Ia mengatakan, alat yang dinamai dengan Mercury Auto Detection System (MADS) ini berhasil mendapatkan medali emas setelah menyisihkan lebih dari 150 tim lain dari 30 negara di dunia.

Menurut dia, MADS dibuat karena keprihatinan mereka terhadap maraknya penjualan berbagai produk makanan, obat, serta kosmetik bermerkuri yang membahayakan kesehatan.

Selain itu, kata dia, alat yang sudah ada harganya mencapai sekitar 15.000 dolar AS atau setara dengan Rp200 juta.

"Melihat kondisi itu, maka kami mencoba mengembangkan alat deteksi merkuri yang bersifat portabel dengan dimensi yang lebih kecil dari alat yang sudah ada. Dengan begitu, dapat digunakan dalam proses pengujian bahan makanan saat sidak dengan hasil yang bisa langsung diketahui saat itu juga," katanya menerangkan.
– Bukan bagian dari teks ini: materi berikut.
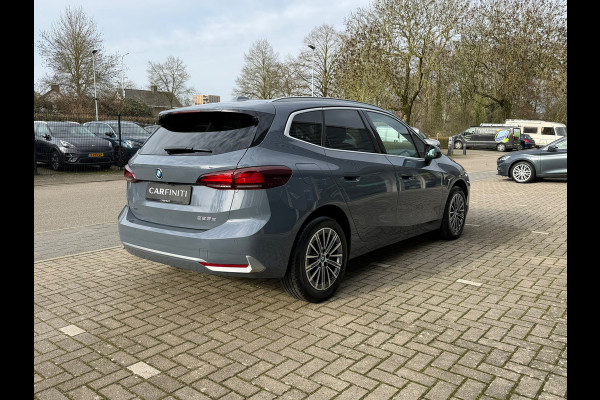 BMW 2 Serie Active Tourer 225e xDrive 245 Pk / Navi / Panoramadak / Climate / Cruise / Camera / Harman Kardon / Voll Leder.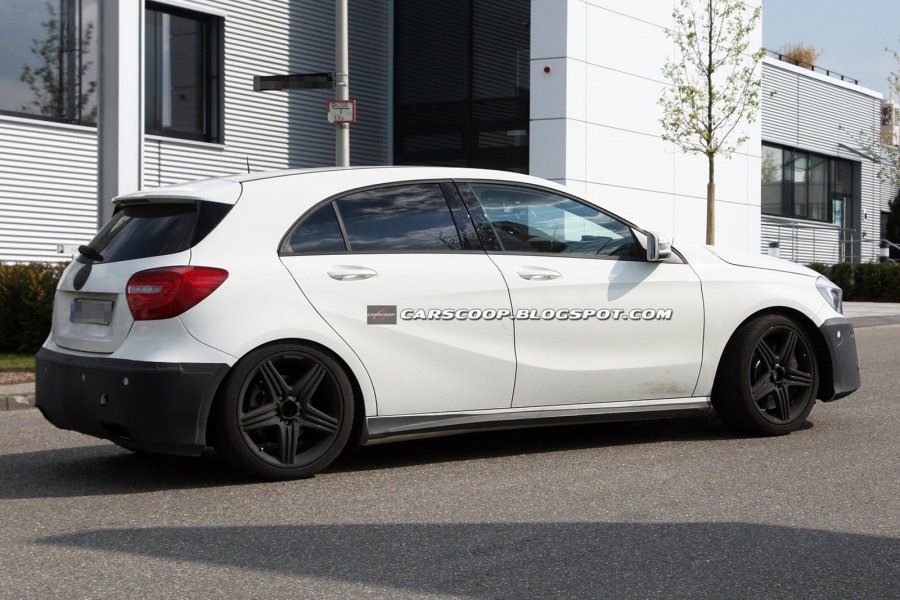 Компания Mercedes-Benz скоро выпустит полноприводный компакт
Tidak hanya itu, tambah dia, alat ini juga diproduksi dengan harga yang jauh lebih murah dibandingkan alat di pasaran yaitu berkisar Rp1 juta.

Ia mengatakan, bahwa prinsip kerja alat ini hampir sama dengan spektofotometer, yaitu berupa larutan yang dijadikan objek pengujian ditembakkan oleh sinar monokromatik yang akan diserap oleh detektor warna.

Selanjutnya, warna yang diperoleh akan dideteksi dengan kriteria zat-zat yang ada.

"Nantinya MADS tidak hanya bisa mendeteksi merkuri, tetapi juga bisa mendeteksi zat lain," katanya.